Bourne, Stephen Evelyn Dove: Britain's Black Cabaret Queen [Jacaranda Books, 2016] ISBN 978-1-909762-35-0. Chapter 4: The Chocolate Kiddies.

Notes and references

Notes

  1. Club Alabam was a Broadway after-theater jazz club set in a rathskeller of the now bygone 44th Street Theatre at 216 West 44th Street. The club endured since the theater's inception in 1912, originally known as the "Little Club," but became known as "Club Alabam" in 1924 and henceforth flourished with jazz. Following the Prohibition, the bar closed and remained vacant for years. On March 2, 1942 — 2 months and 19 days after the United States officially entered World War II — the American Theatre Wing opened it back up as the Stage Door Canteen for American and Allied servicemen. The property, as of 2019, was owned and managed by the Kushner Companies.
  2. Charles Davis aka C. Columbus Davis (1894–1963), when he died, was living in Englewood, New Jersey, at 111 Reis Avenue. His big break came as a principal dancer in Shuffle Along, after which, he rapidly rose to notability as a choreographer at the Apollo and Lafayette Theatres in Harlem. Davis also did the choreography for the 1927 Broadway musical, Rang Tang. He and his wife, Cecile (1898–1975), had two daughters, Meta J. Davis (1919–2012) and Anna L. Davis (1921–2016) (Duke Ellington's Music for the Theatre, by John Childs Franceschina, McFarland & Company, 2000, p. 14; OCLC 469316674)
  3. George Howe (aka George Washington Howe; Robert Washington Howe; 1892–1936), drummer, led the house band at the Nest Club beginning 1927, when Teddy Hill was in the band. Luis Russell replaced Howe in 1928. Howe had been the drummer for Sam Wooding. Howe and fellow musician George E. Dyer (1884–1936), both, in the mid-1930s, living in Glens Falls, drowned November 23, 1936, in the Champlain Canal, near Fort Ann, after a car driven by Howe submerged in the canal as a result of side-swiping a 10-ton truck (U.S. Class 6) towing another 10-ton truck on Comstock Road. They were returning from a gig at a nightclub operated by Maxie Gordon (né Maxime Godon Gordon; 1891–1956) – two miles from Whitehall. They had left Hudson Falls at 1:30 am and were followed by Jimmie Gillespie and banjoist Percy Richardson. Trombonist Benny Morton (1907–1985), also at the gig, decided at the last minute not to ride with Howe and Dyer. Howe was buried at Cypress Hills National Cemetery, Brooklyn.
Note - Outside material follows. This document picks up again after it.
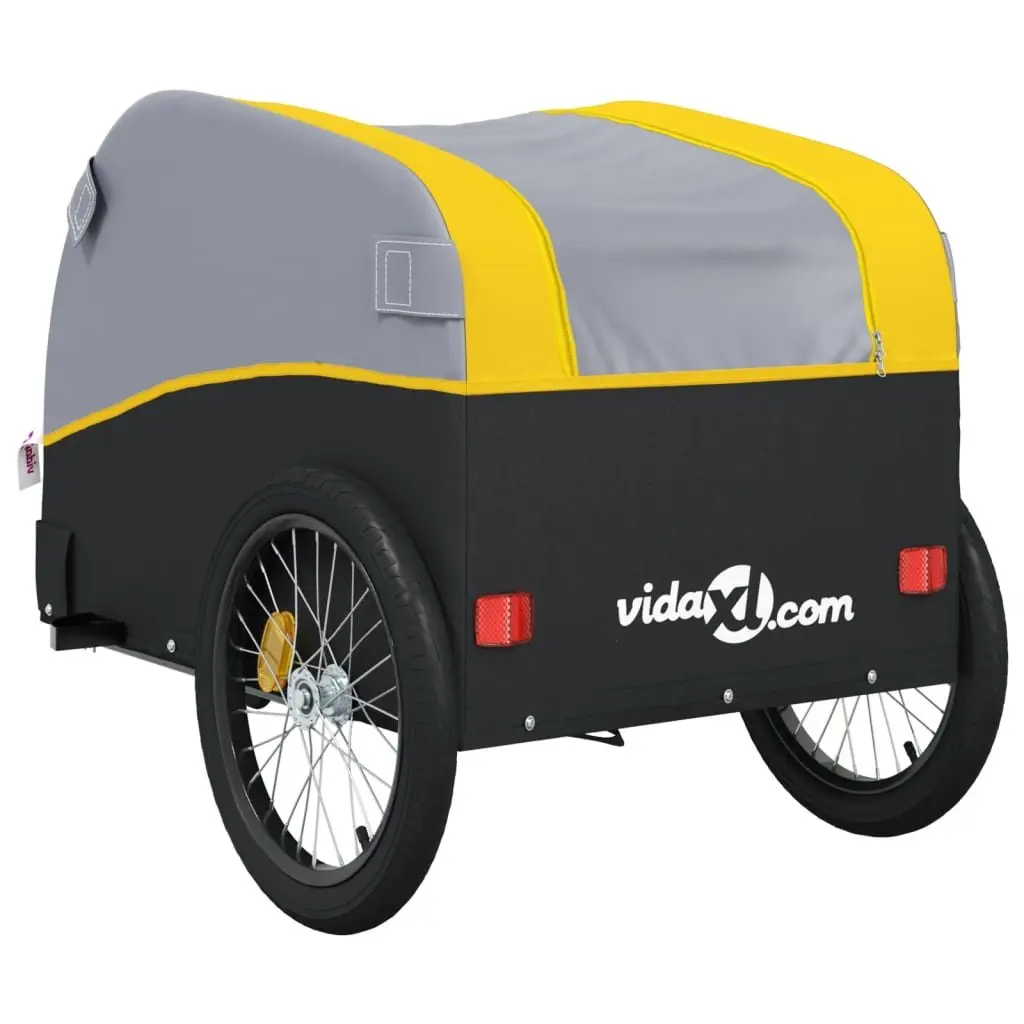Bike Trailer Iron 45 kg Load Capacity Yellow Cargo Hauling Garden Transport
  4. Rufus Greenlee (né Rufus Edward Greenlee; 1893–1963), born in Asheville, North Carolina, became a native of New Haven, Connecticut. From about 1924-1925 to about 1930, he was married to cast member Thelma Greene (see Greene's brief bio in Notes). In Greenlee's post-vaudeville days, beginning in the mid-1930s, until is death, he owned and operated the Monterey Cafe, a jazz venue in New Haven at 265–167 Dixwell Avenue in the Dixwell neighborhood. Johnny "Hammond" Smith's 1962 album, Black Coffee, was recorded there. As a side note, his grand nephew, Lou Jones (1932–2006), was an Olympic Gold Medalist in the 4 × 400 metres relay in the 1956 Summer Games.
  5. Chick Horsey (né Layburn Horsey; 1903–1933), born in Chester, Pennsylvania, died July 19, 1933, in Naples, Italy, at the Hotel Diana.
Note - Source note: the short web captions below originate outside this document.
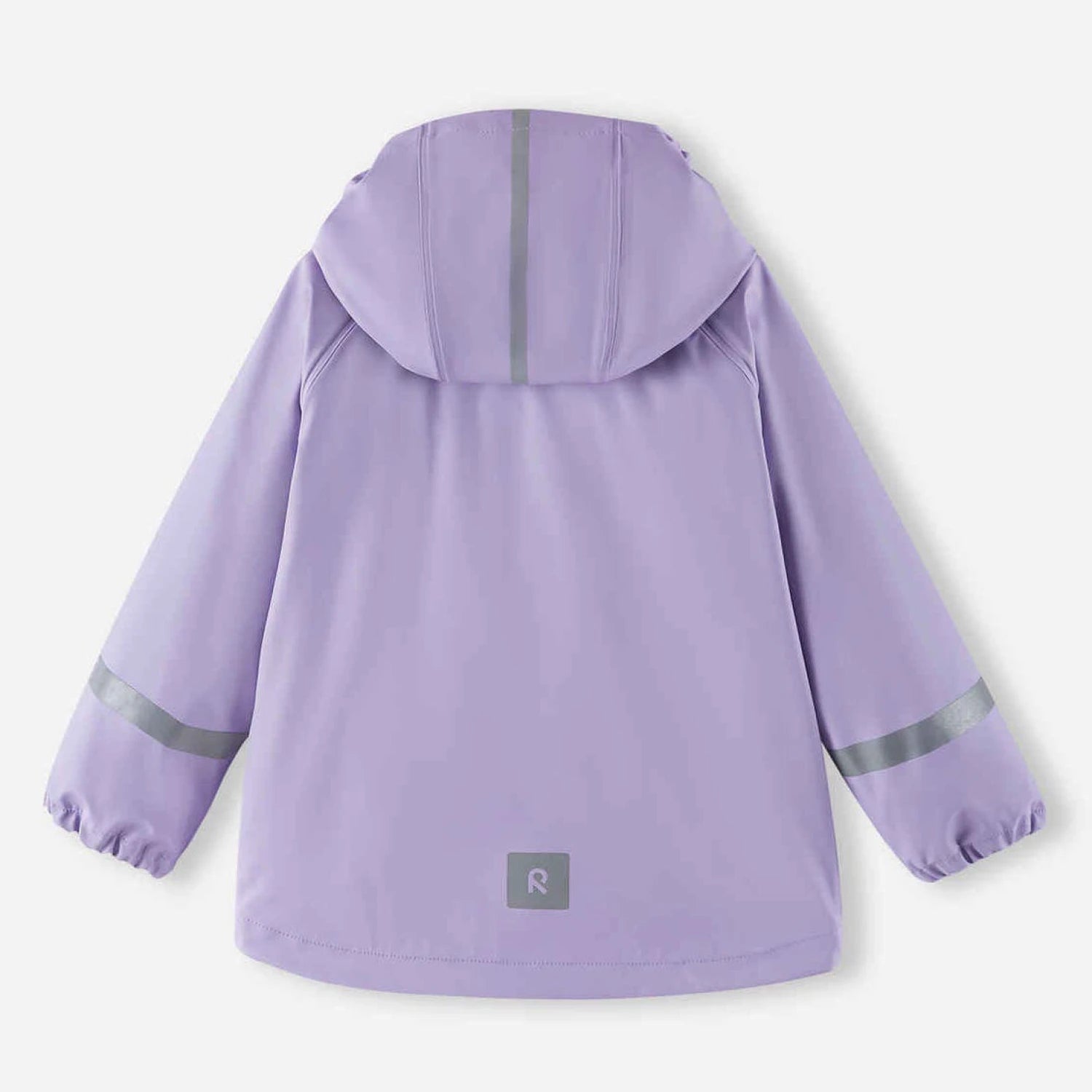 Reima Kid's Lampi Rubber Rain Jacket in booming lilac, back view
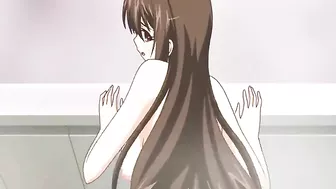 Bald Guy Anime Fucks Busty Coed in Bathroom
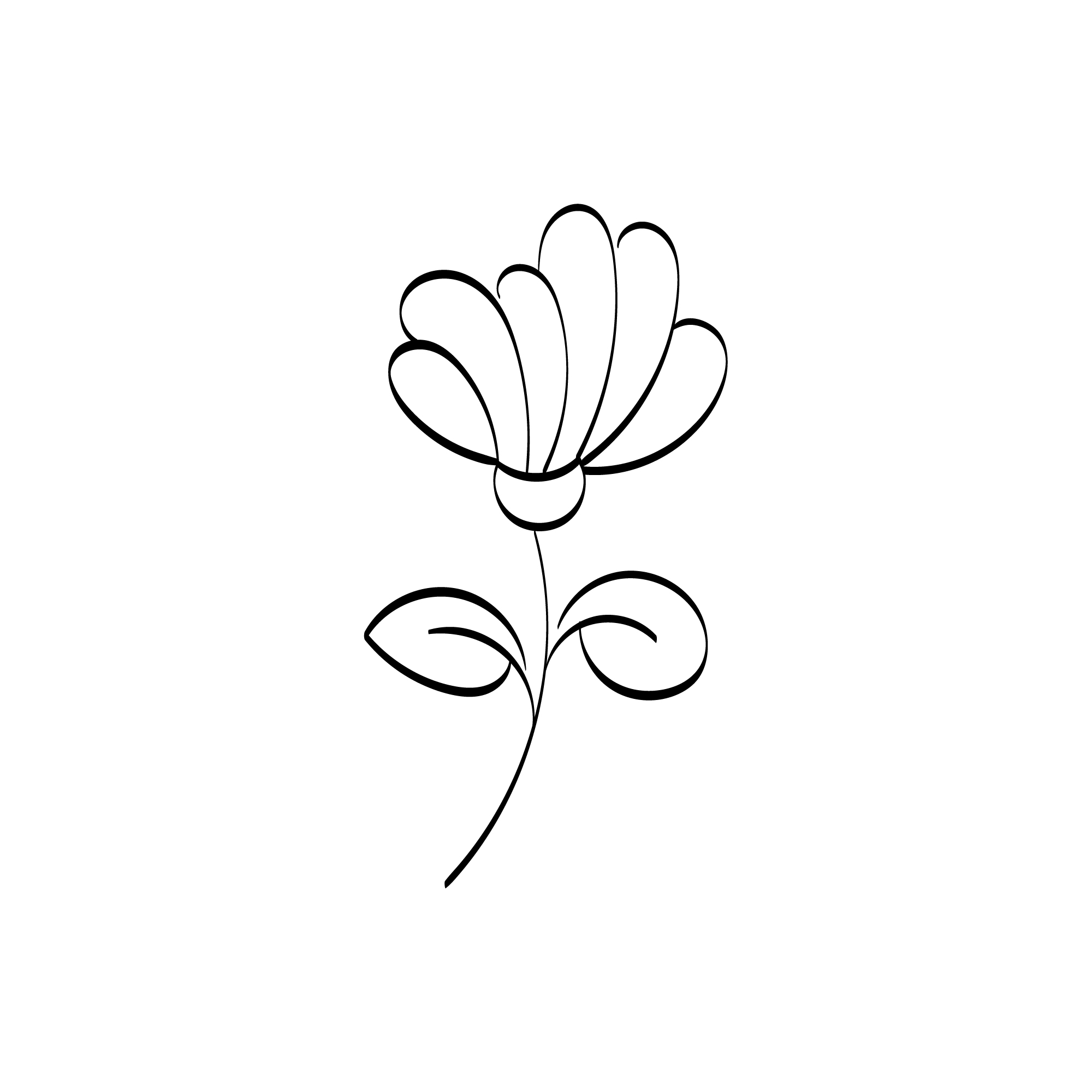 Floral Minimal Art Drawing with Line-art Preview image.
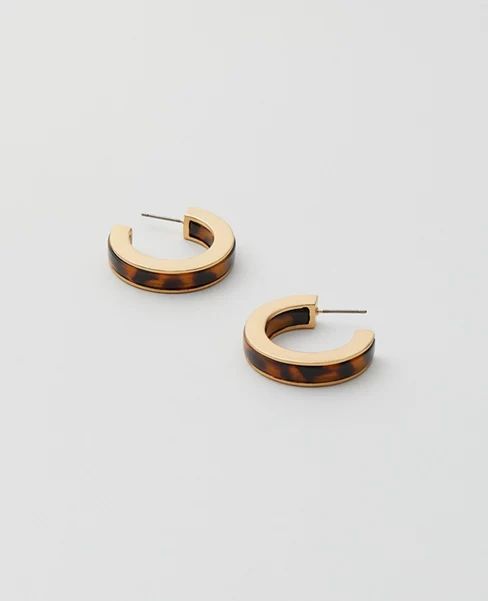 Tortoiseshell Print Metal Hoop Earrings | Ann Taylor (US)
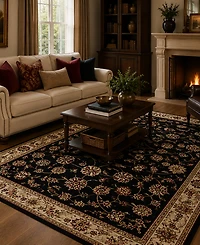 Closeout! Km Home 1596/1312/Black Pesaro Black 7'9" x 11' Area Rug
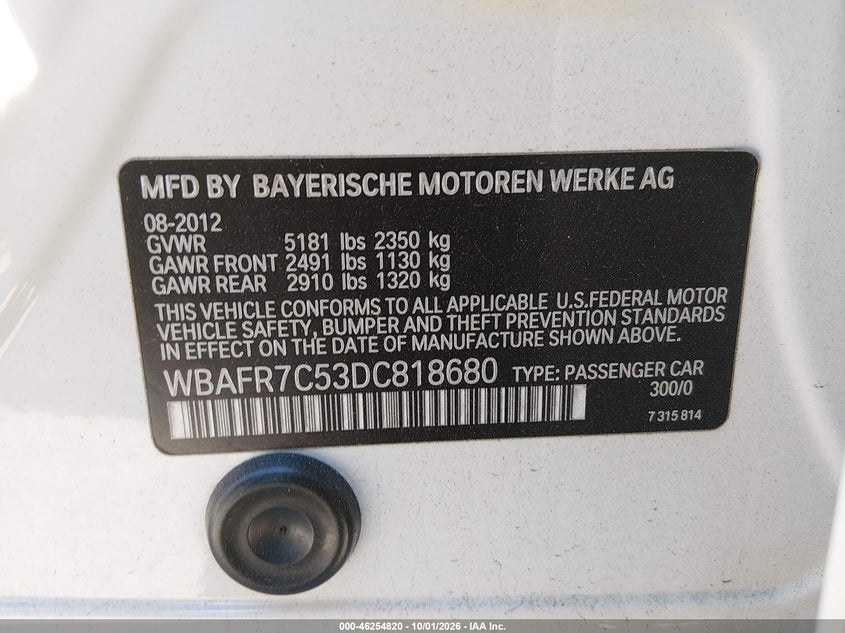 BMW 535I 2013 VIN WBAFR7C53DC818680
  6. Margaret Sims (maiden; 1903–1974), born in Washington, D.C., was a blues singer. In 1935, the New York Age stated that she epitomized the complete metamorphosis of the blues singer. She married Broadway producer Irvin Colloden Miller (1884–1975). Her sister, Edith G. Sims (1905–1973), was the second of three wives of actor Jimmy Baskett (1904–1948).
  7. Philadelphia-born Bobby Goins (né Walter Robert Goins; 1902–1986) and Babe (aka "Baby") Goins (née Mary or Marie Hall; born 1906) were a husband-and-wife acrobatic dance team who, with productions, toured Europe several times. Bobby and Babe married April 19, 1925, in Manhattan – seventeen days prior to embarking on the 1925 European tour. That tour, incidentally, was Babe's first break as a performer.
         Babe, who toured Europe three more times, won celebrated acclaim on all tours. According to an article published by the New York Age (May 18, 1932), Babe was born in Havana, Cuba; tho', some sources give Washington, D.C., as her place of birth. At age three Babe moved to Washington, D.C. Bobby and Babe divorced around 1930.
         Bobby – on January 13, 1933, in Manhattan – married again to Irene Winifred Bennett (maiden; 1914–1986). Babe – on May 10, 1936, in Manhattan – married again to William F. Joyce, Jr. However, a 1932 article in the New York Age (May 28) stated that Babe and Joyce were married (in 1932).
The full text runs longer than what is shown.